- Harm Rural District Location within Iran
- Coordinates: 28°09′N 53°26′E﻿ / ﻿28.150°N 53.433°E
- Country: Iran
- Province: Fars
- County: Juyom
- District: Harm
- Capital: Harm

Population (2016)
- • Total: 12,202
- Time zone: UTC+3:30 (IRST)

= Harm Rural District =

Rural district in Fars province, Iran

Harm Rural District (دهستان هرم) is in Harm District of Juyom County, Fars province, Iran. Its capital is the village of Harm. The previous capital of the rural district was the village of Bolghan.

==Demographics==
===Population===
At the time of the 2006 National Census, the rural district's population (as a part of Juyom District (Note: Renamed the Central District of Juyom County) in Larestan County (Note: Formerly Lar County)) was 8,992 in 1,781 households.
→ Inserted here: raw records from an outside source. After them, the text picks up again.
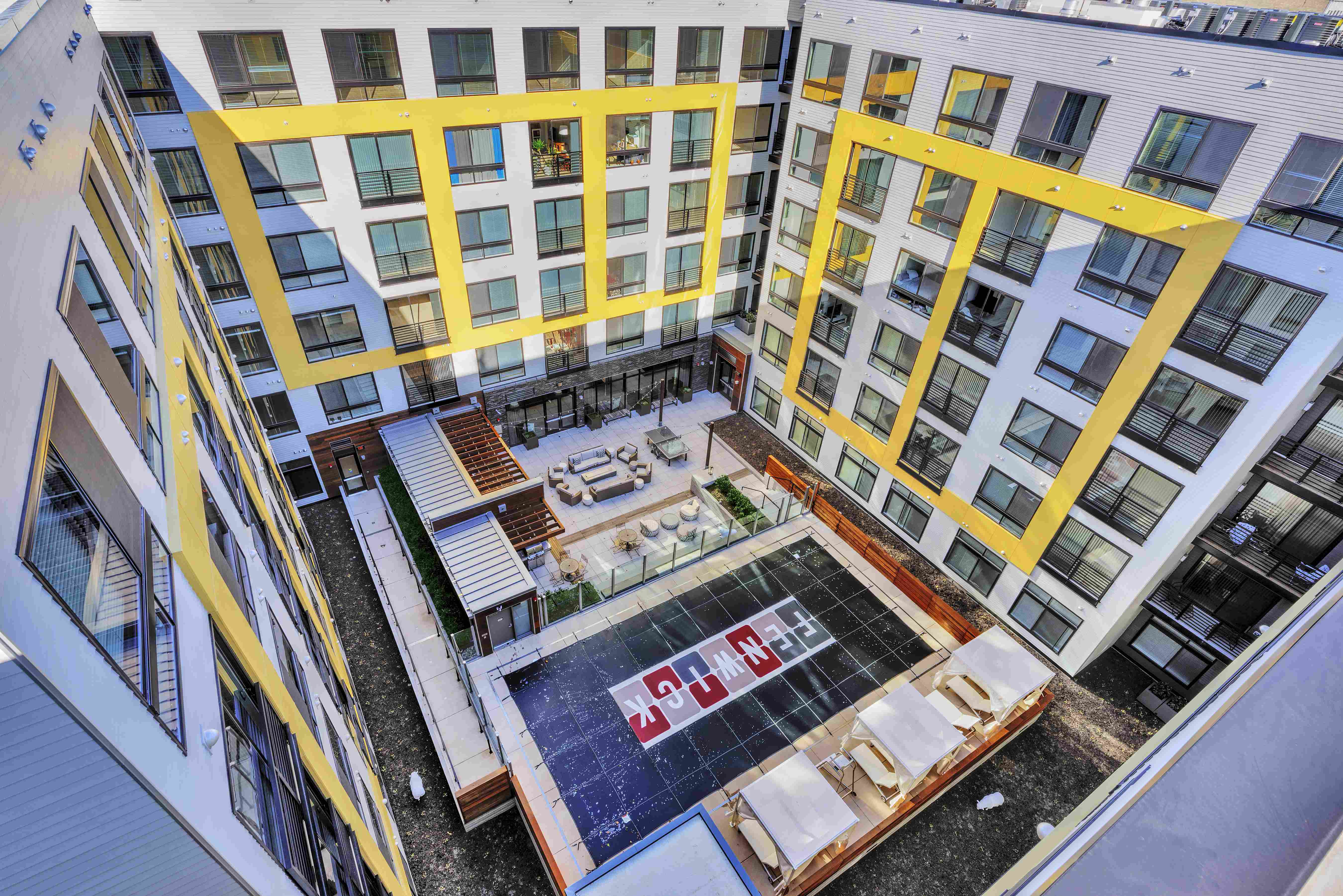 7359_Fenwick_Ext_Amenities_Pool_Nov2014.jpg 7359_Fenwick_Ext_Amenities_Pool_Nov2014.jpg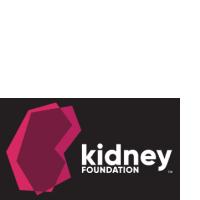 Kidney Foundation of Canada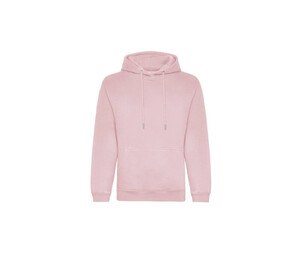 AWDIS JH201 - ORGANIC HOODIE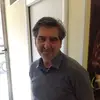 Anthony Zambito - @anthony.zambito - TikTok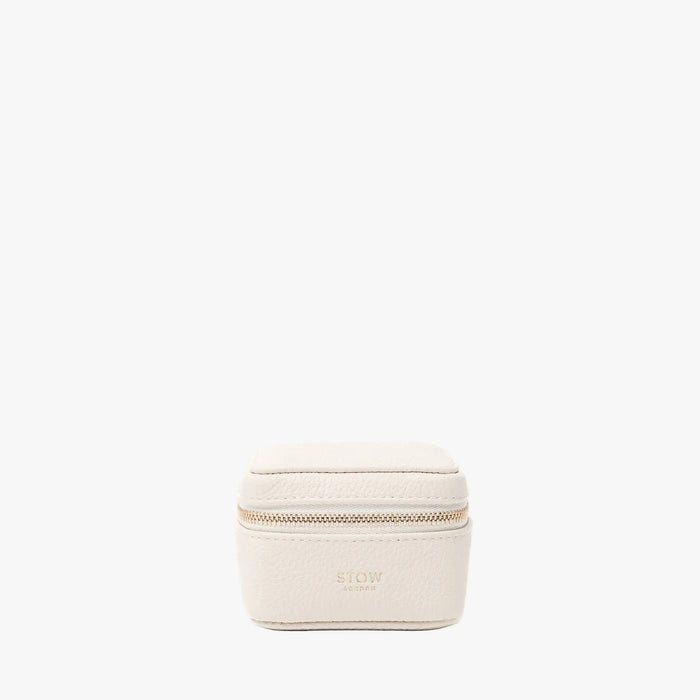 Hester Jewellery Case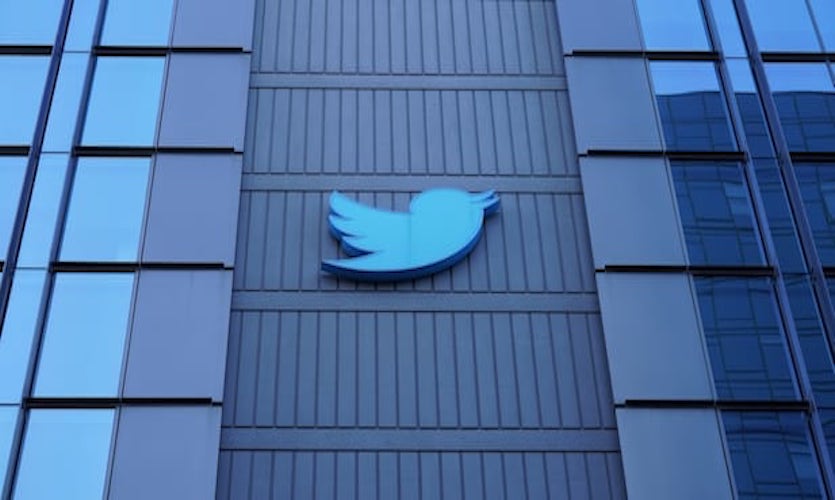 Twitter Shuts Down Two Out Of Three Indian Offices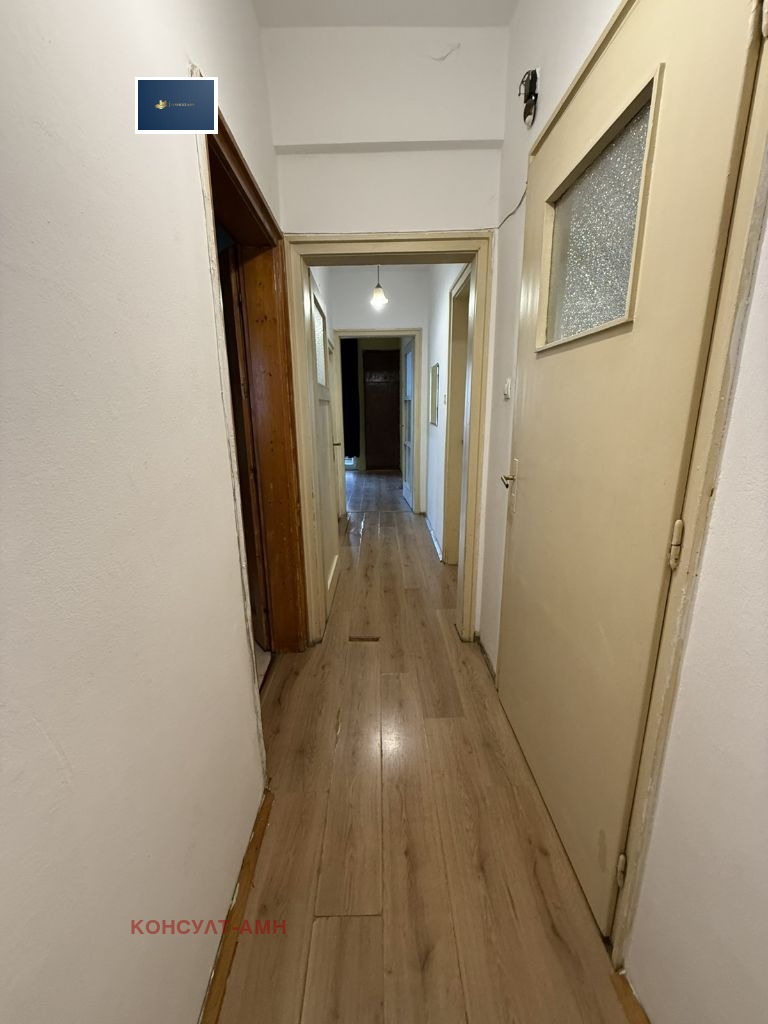 Satılık  2 yatak odası Sofia , Centar , 92 metrekare | 80979376 - görüntü [5]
There were 12,970 inhabitants in 3,169 households at the following census of 2011. The 2016 census measured the population of the rural district as 12,202 in 3,149 households. The most populous of its 24 villages was Bolghan, with 3,640 people.

After the census, the district was separated from the county in the establishment of Juyom County and renamed the Central District. The rural district was transferred to the new Harm District.